Work item:
For this exercise, copy the records below exactly and exclude every image.

*** Working data Section Begins ***

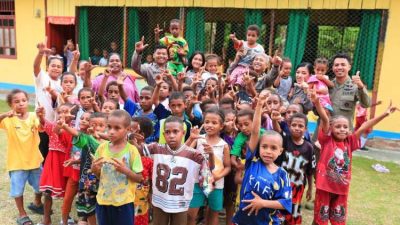 Personel Ops Damai Cartenz 2026 belajar dan bermain bersama anak-anak Taman Baca Koya Tengah di Jayapura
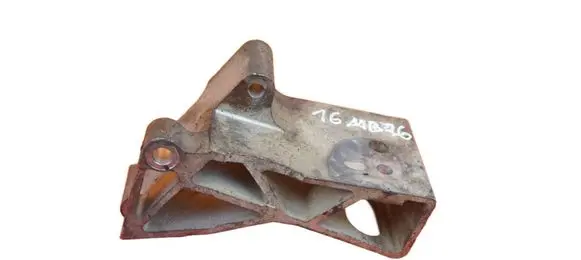 Volvo XC90 Gearbox mounting bracket BIEGOW D5244T4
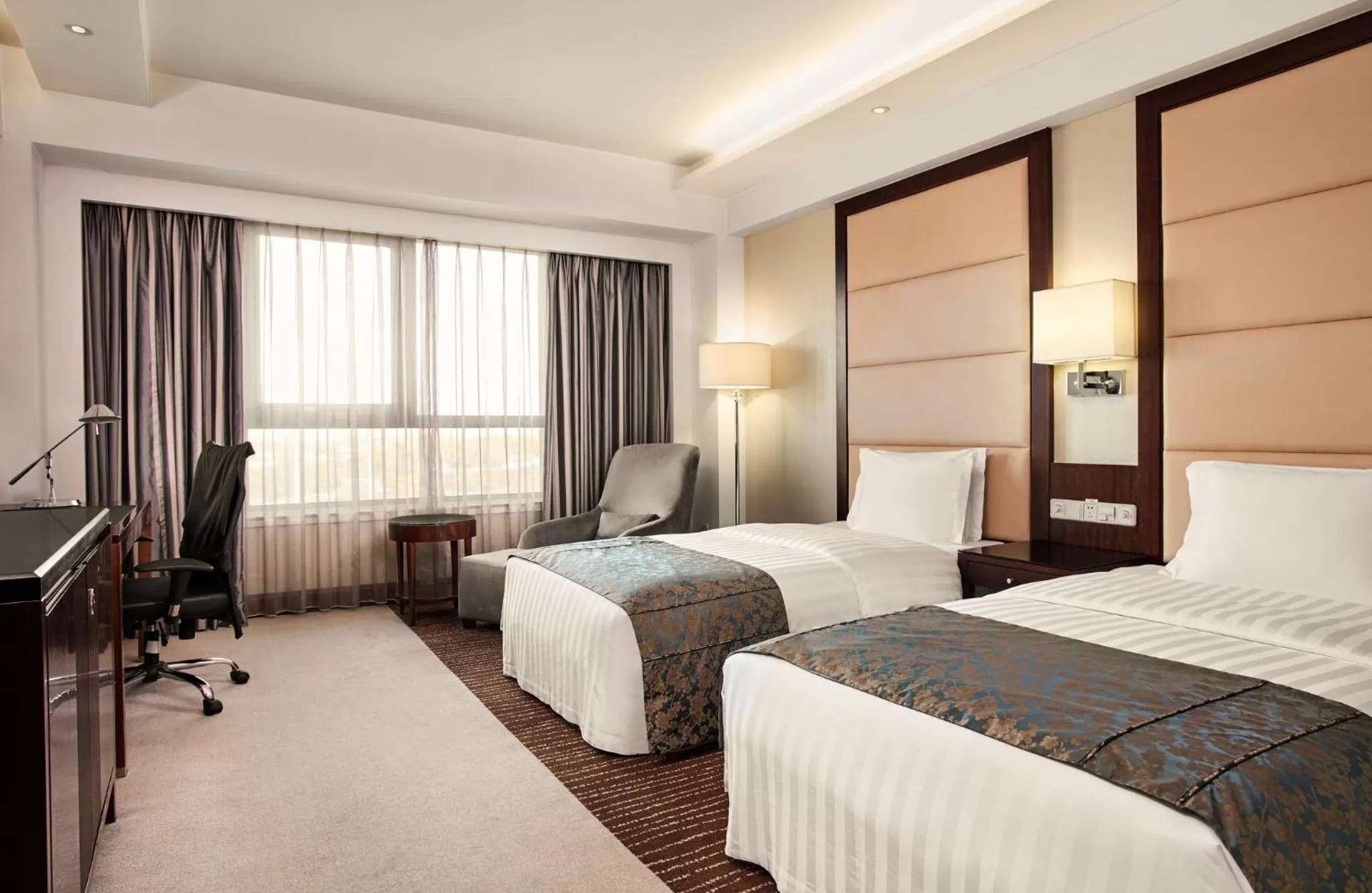 Photo of the whole room, Bed in Crowne Plaza Beijing International Airport by IHG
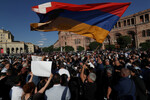 Участники протеста на фоне эскалации в Нагорном Карабахе и сотрудники полиции в Ереване, Армения, 19 сентября 2023 года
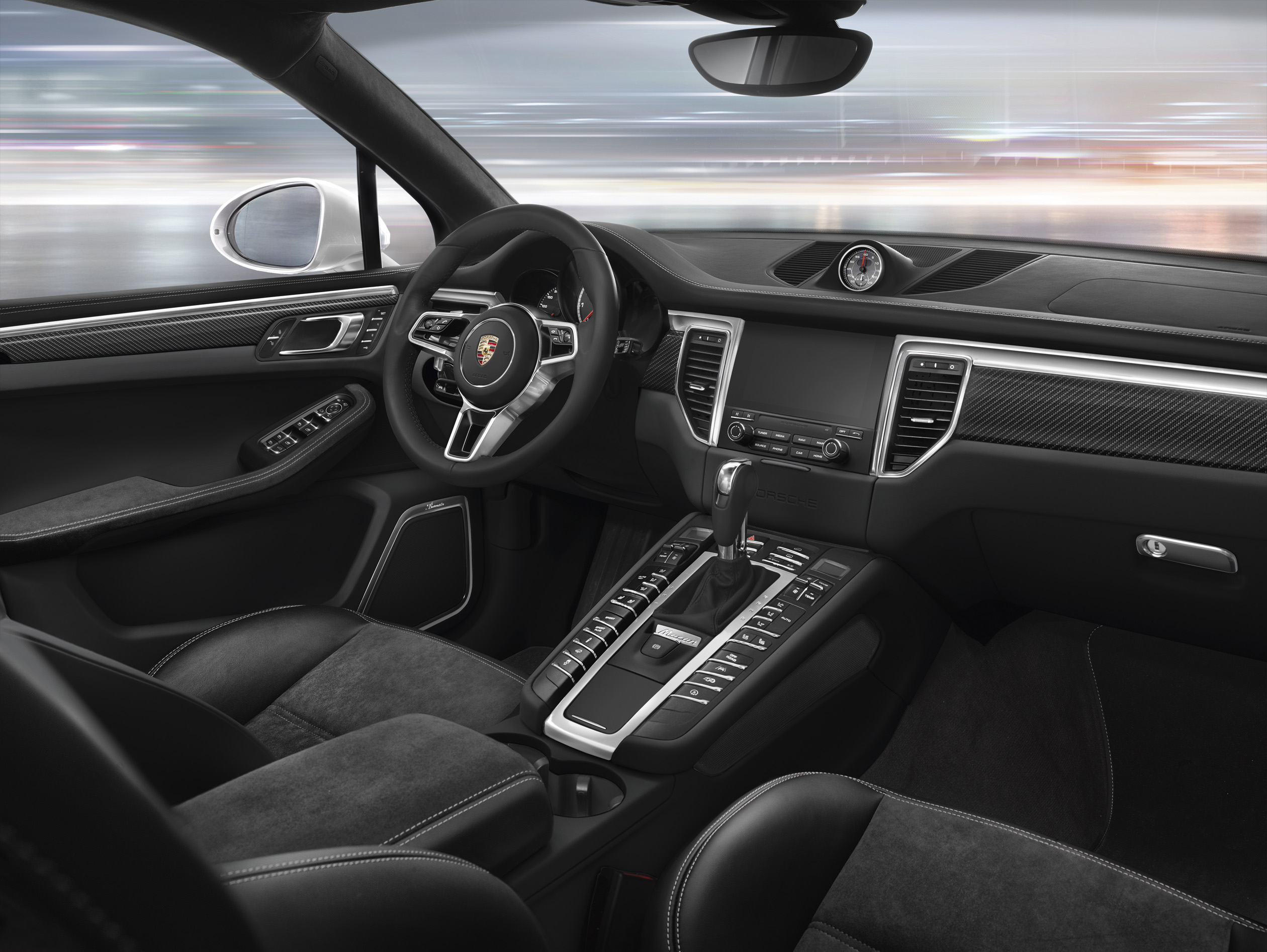 Nieuw interieur- en exterieurpakket voor Porsche Macan Turbo. Met deze optiemogelijkheden maak je van een Macan Turbo toch een beetje de GTS-variant. Al is hij wel sneller.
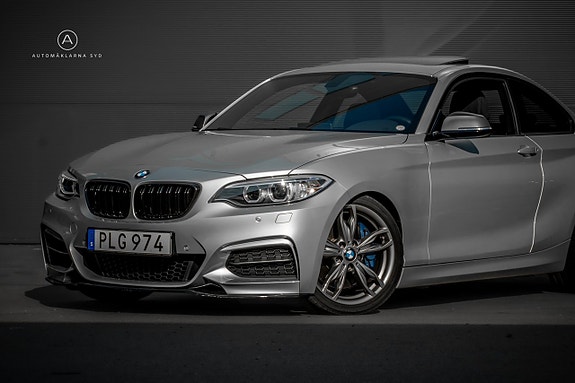 BMW M240i 2 of 5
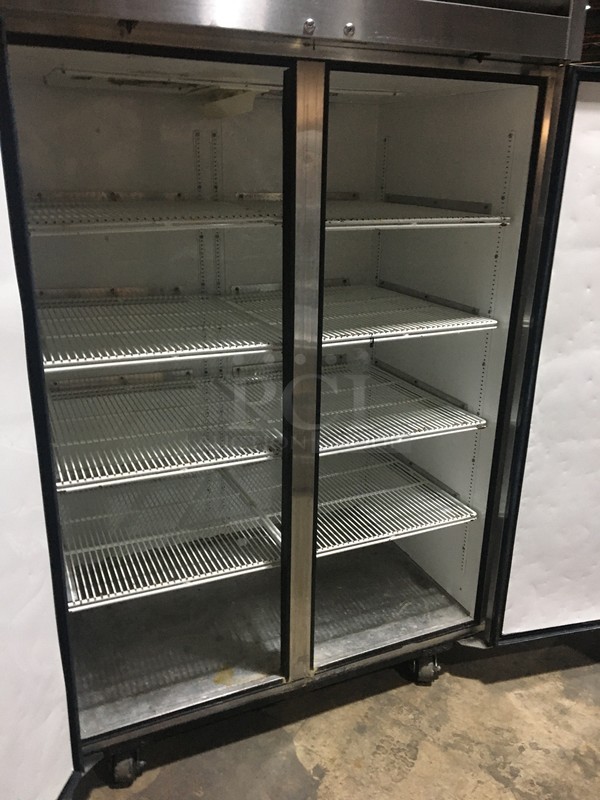True Commercial 2 Door Reach In Refrigerator! All Stainless Steel! Model TG2R2S Serial 5338627! 115V 1Phase! - Image 5 of 10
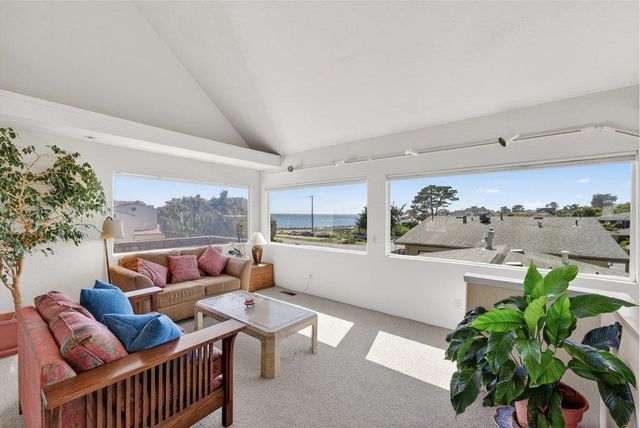 1010 Pelton Avenue, Santa Cruz, CA 95060
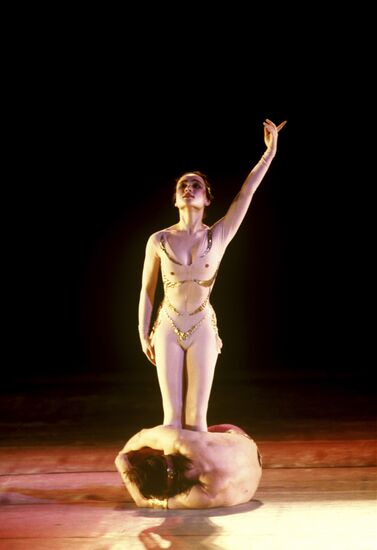 Vakil Usmanov's Ballet & Dance Theatre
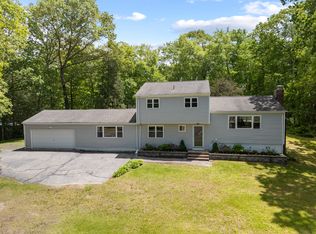 15 Ridgewood Dr, Monroe, CT 06468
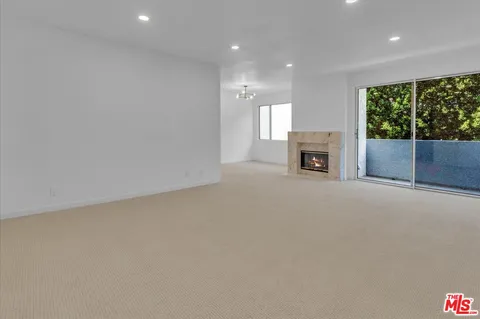 $899,000 | 10465 Eastborne Avenue, Unit 206, Los Angeles, CA 90024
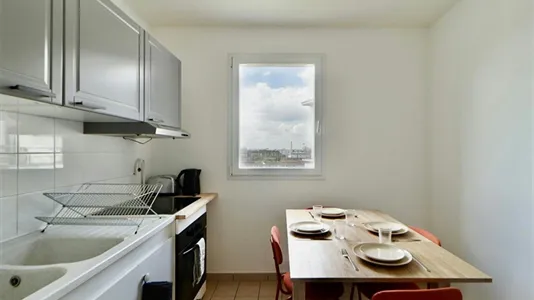 Rooms in Saint-Denis - photo 4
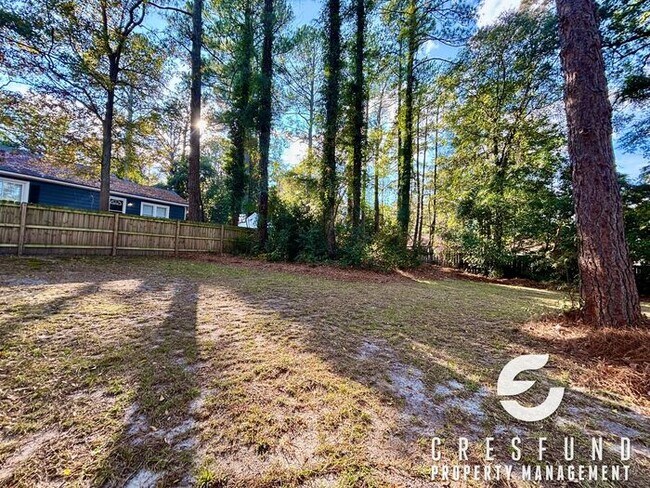 Building Photo - Charming 3 Bedroom 2 Bath Cottage style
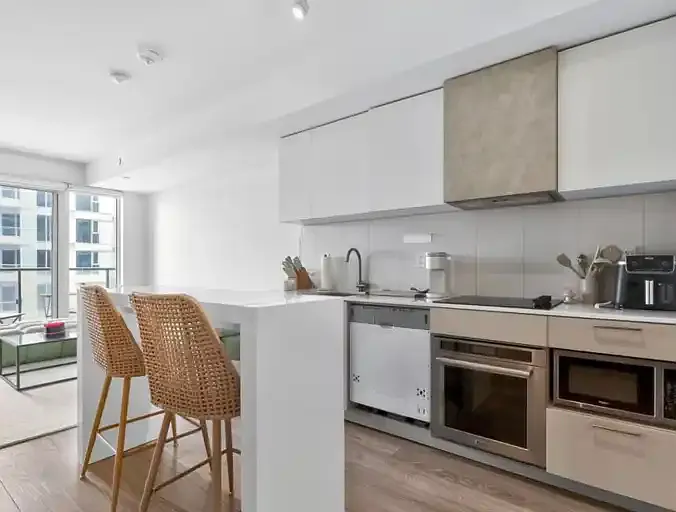 19 Western Battery Rd #1020 — Photo 2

*** Working data Section Ends ***

Result of this task:
 Personel Ops Damai Cartenz 2026 belajar dan bermain bersama anak-anak Taman Baca Koya Tengah di Jayapura
 Volvo XC90 Gearbox mounting bracket BIEGOW D5244T4
 Photo of the whole room, Bed in Crowne Plaza Beijing International Airport by IHG
 Участники протеста на фоне эскалации в Нагорном Карабахе и сотрудники полиции в Ереване, Армения, 19 сентября 2023 года
 Nieuw interieur- en exterieurpakket voor Porsche Macan Turbo. Met deze optiemogelijkheden maak je van een Macan Turbo toch een beetje de GTS-variant. Al is hij wel sneller.
 BMW M240i 2 of 5
True Commercial 2 Door Reach In Refrigerator! All Stainless Steel! Model TG2R2S Serial 5338627! 115V 1Phase! - Image 5 of 10
 1010 Pelton Avenue, Santa Cruz, CA 95060
 Vakil Usmanov's Ballet & Dance Theatre
 15 Ridgewood Dr, Monroe, CT 06468
 $899,000 | 10465 Eastborne Avenue, Unit 206, Los Angeles, CA 90024
 Rooms in Saint-Denis - photo 4
 Building Photo - Charming 3 Bedroom 2 Bath Cottage style
 19 Western Battery Rd #1020 — Photo 2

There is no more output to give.